Some states have taken their own measures to protect welfare recipients. California and Oklahoma plan to pilot EBT chip cards this summer, which supporters hope will help protect benefits. While food stamps and cash assistance are federally funded programs, states have significant discretion in how they are administered.
Last year, Maryland passed a law that expands reimbursement for stolen food stamps and cash assistance, even if it means pulling it out of state funds. It's a model some proponents hope other states will adopt.
“States seem to think that just by putting benefits on a card, we've done our job,” said Michelle Salomon Madaio, senior attorney at the Homeless Representation Project in Baltimore. “If families who are eligible for benefits can't put money on their cards so they can actually access the benefits, it's as if they never got the benefits in the first place.”
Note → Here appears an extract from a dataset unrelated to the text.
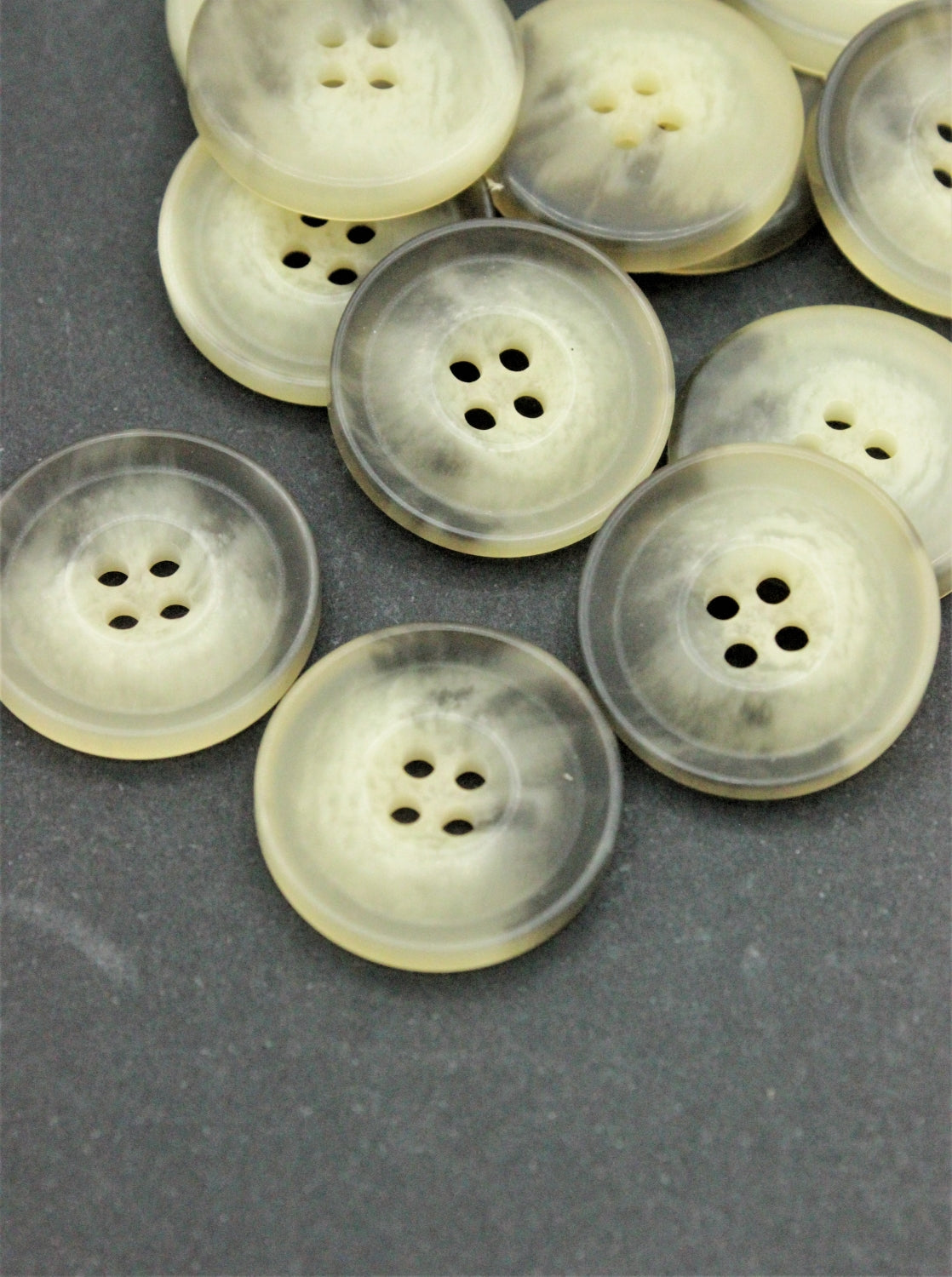 Nasturi De Plastic, 22mm, Bej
Now back in Long Beach, Kirkus feels exposed after being scammed out of $4,000. I used to buy food for homeless people in my neighborhood. She had been homeless herself, and she knew what it was like to depend on the goodwill of others. “I was raised that way,” she said.
She doesn't do that anymore. Instead, she tries to use her SNAP card as sparingly as possible because she never knows when her information will be stolen again. She doesn't like to be too pessimistic and doubtful, but she doesn't feel like she has a choice. “It's not her way of life to be wary of anyone,” she said.